I told you that God had bigger plans for me, and our move to the “big city” allowed me to find something that I didn’t realize I had even lost, that is until I found it once again. Because of my job, I couldn’t move immediately with my daughter, and the time separated from her was difficult. But what was more difficult, was packing up the chaos that had been my life in that little town for nearly 18 years. I found myself trying to pack and being overwhelmed, trying to downsize, purging a lot of things for the sake of my sanity. I would love to be able to say that I took things to our local thrift shop or to the Goodwill that was 20 miles away, but sadly I took most of the things I didn’t keep to the local dump. It wasn’t worth anything to anyone and it simply needed to be done, little did I know there would be internal purging in the months to come.

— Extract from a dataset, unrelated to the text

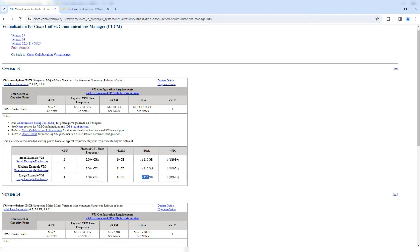One thing to note: there will not be many feature-wise changes going from Call Manager 14 to 15. Some features will be added on 15, but you should not expect many changes. Call Manager 15 will also connect to the CSSM server or cloud servers directly for licensing purposes.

The first year was a time of settling in, getting used to all new things around us and trying to learn to manage in the new environment. It wasn’t all sunshine and roses, but it was an improvement of our life the year before, and for the first time in a long time, it had promise. Yet, in the midst of all the adjusting, trying to manage the changes, I knew I needed help; some comfort from the only true safe place I knew. It was a place that was easy to find, as easy as pulling out my phone and doing a google search… but more about that later.

I want to end with a follow up to the above mentioned disclaimer. The name of this blog, this platform allowing me to toss my words onto… is now about the silence that surrounds me when I take the time to truly listen to what He might be trying to tell me. Another disclaimer, fully honest, I don’t always listen well, as He has been quietly telling me for some time now, months really, that I need to be writing. You see as much as I have loved sharing my real-life happenings, sharing the joys and accomplishments of my children over the past years with past sites. For years, I have known, without a doubt, and especially once I finished my degree in 2020, that I need to share my story, to write the memoir of my survival of the abuse I endured as a child and teen at the hands of my father. I have been silent far too long, it is time to speak up, to share my words, my heart and soul; so that I might just maybe help one girl, one woman who is still hurting from the same pain and hurt. Perhaps buried and never spoken, silent.

Join me in the silence, that it might be broken.